In 1995, the youthful Civilians won their first major trophy beating Liverpool (Okahandja) in the final and came very close again in 1996 but lost in the same competition against coastal giants Blue Waters.
Such was Codesa’s impressive performance that he was called up to the Brave Warriors side in 1996. He made his international debut for the Warriors against Botswana away in Gaborone. In 1997, he developed itchy feet and abandoned the Civilians’ ship, only to resurface at another boyhood team Black Africa. “It was always a childhood dream to play for the Gemengde outfit.”
Codesa walked straight into the BA starting line-up and just as he started to settle in with his new teammates and on the verge of winning silverware, tragedy struck as he sustained a very nasty potential career-ending knee injury, which sidelined him for almost four years.
Upon recovery, Codesa almost walked away from competitive football but resolved to give it another try. He joined exciting Khomasdal outfit Young Ones. Sadly, the Kings at Night were in a rebuilding process.
“I kept pushing myself and somehow managed to regain my form. We had to bring in new players but under the shrewd stewardship of former club defender Harold von Luttichau, the Kings at Night rediscovered their mojo and were a force to be reckoned with.”
However, in the 2001/2002 season, Young Ones stumbled on the home straight, suffering losses in the league and NFA Cup. Codesa retreated to Black Africa after just one season with the Kings at Night, but his second homecoming only lasted six months.
“I was pondering quitting football in the 2002/2003 term but out of the blue, here come Tigers and if you asked me how I joined Ingwe, it was not exactly a pleasant episode ... (laughs). I was at home relaxing on a cool Saturday morning when Kelly Asser and Oubaas rocked up unannounced requesting me to come and play for Tigers.
“My buddy Oubaas told me boldly ... ‘You are now a Tigers player’ but I protested saying that I was still on the books of Black Africa and had not been training with the team for almost two weeks as I wanted to retire.”
Without putting in any training session with “Ingwe”, Codesa was right away thrown into action and played the full 90 minutes in a league match against Liverpool. The debutant ended on the winning side as Tigers dispatched the Nau-Aib outfit by five unanswered goals.
“That same year, ‘Ingwe’ were unstoppable and I’m really thankful to Kelly for bringing me back to where I could be happy playing football. In 2003, we reached the NFA Cup final but sadly lost 4-2 to Civics though I scored but could not turn it in our favour.” Codesa retired aged 29.
“The way things have currently unfolded in the corridors of domestic football, it’s very painful and I hope those entrusted to administer the beautiful game find an amicable positive solution for football to return to normality.”
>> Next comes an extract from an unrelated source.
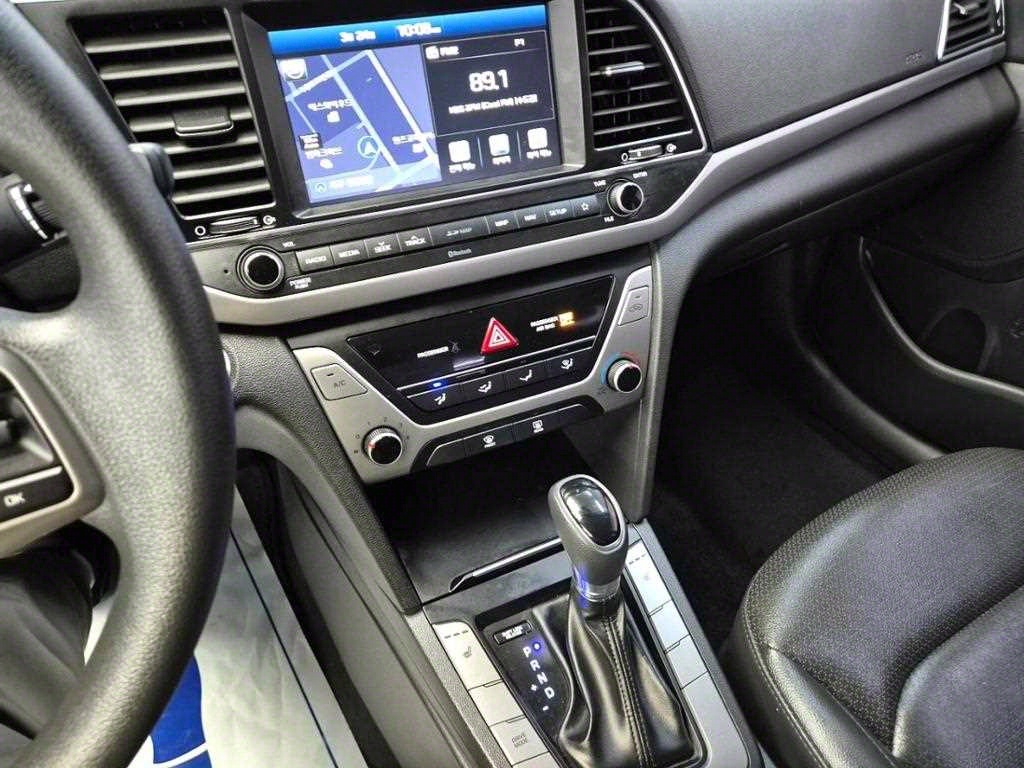 HYUNDAI Avante - Vista 10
Codesa singles out two prominent footballers Bobby Samaria (Eleven Arrows /Black Africa) and Congo Hindjou Liverpool/Civics/African Stars as the most dangerous opponents he has ever played against.
“At Civics, I had the privilege to rub shoulders with Harold Kaunozondunge, Mandla Gamatham, Sputla Masite, Golla van Staden, Pele Isaacs, Tiger Goagoseb, Rex English, Mac Camm, Flamero Jansen and Mabos Ortman.
During his somewhat abbreviated stint with the national senior football team, Codesa fought hard for a starting berth with young players that were just promoted from the under 20 side and the Olympic teams.
“Up to this day, I’m yet to witness a local footballer who can read the game better than Oubaas Mokoena. It was unfortunate that the two of us did not manage enough time together in the same team, but I guess things do happen for a reason,” concludes Codesa.